Kate Keenan is a Toronto-based expressive arts therapist, community song leader, composer, performer, and writer. She is a graduate of The CREATE Institute’s Intermodal Expressive Arts Therapy program, and her work brings together therapy, the arts, and community-based creative practice.

Kate works with adults, children, youth, families, and groups, using visual art, movement, music, drama, writing, image-making, play, and song to support expression, connection, and emotional processing. Her approach is grounded, relational, trauma-informed, and responsive to what feels most accessible and alive for each person or group. Artistic skill is never the point. The work is about curiosity, relationship, and discovering what can emerge when experience is given a form outside of words.

Kate’s therapeutic and community work includes trauma-informed group facilitation with children and families through The Child Development Institute’s Here to Help program, expressive arts therapy groups and one-on-one support at Armagh House, and individual and group work with women navigating trauma, housing instability, and gender-based violence at Margaret’s Housing and Community Support Services.

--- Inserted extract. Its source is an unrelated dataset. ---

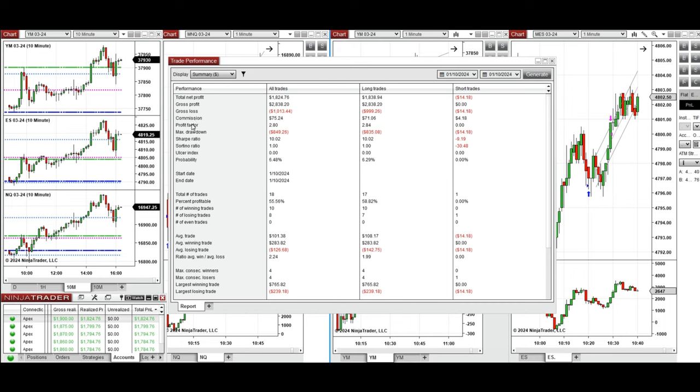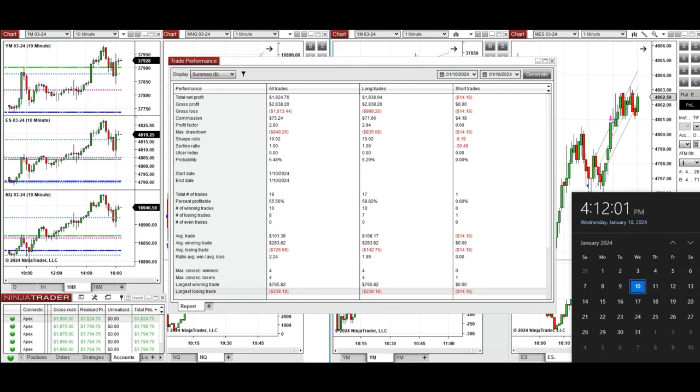We see the performance on one of these accounts, which was positive, showing a profit factor of about 2.8 with about 58% win rate, mainly from the long positions taken, and an average win-to-loss ratio of 2.24. The largest winning trade was $765 and the largest losing trade was $239.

She has also facilitated arts-based programs with newcomer and ESL students through the TDSB’s LEAP program, and with children, youth, and adults with diverse access needs.

Community singing is central to Kate’s practice. She leads accessible, non-performance-based song circles for women, families, and communities, including Singing Mamas, Songbirds, and Singing Together with newcomer seniors through Access Alliance. She has also co-facilitated song circles centred around grief, where shared voice, repetition, breath, and harmony offered a gentle container for emotional expression, remembrance, and connection.

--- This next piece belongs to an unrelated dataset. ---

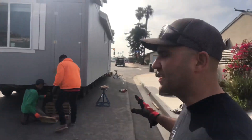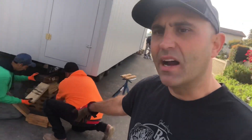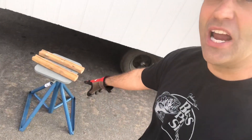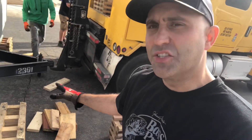Now we'll start walking you through the setup of the house. Here we use crib blocks and additional padding for each corner of the house. We've got our safety jacks in case anything happens such as an earthquake, a strong wind, or a sudden shift in movement in the house. Here's our other crib block and our security jack. Soon we'll start disconnecting the house from the truck.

Before moving more fully into therapeutic and community-based work, Kate spent many years creating and performing music, theatre, and television for children and families. She brings this background in performance, songwriting, therapeutic clowning at Sick Kids Hospital, and collaborative art-making into her current practice, along with a deep respect for play, imagination, attunement, and the many ways people communicate beyond words.

Across all of her work, Kate is interested in creating spaces where people can feel less alone, more connected to themselves and others, and more able to meet their experiences with gentleness, imagination, and care.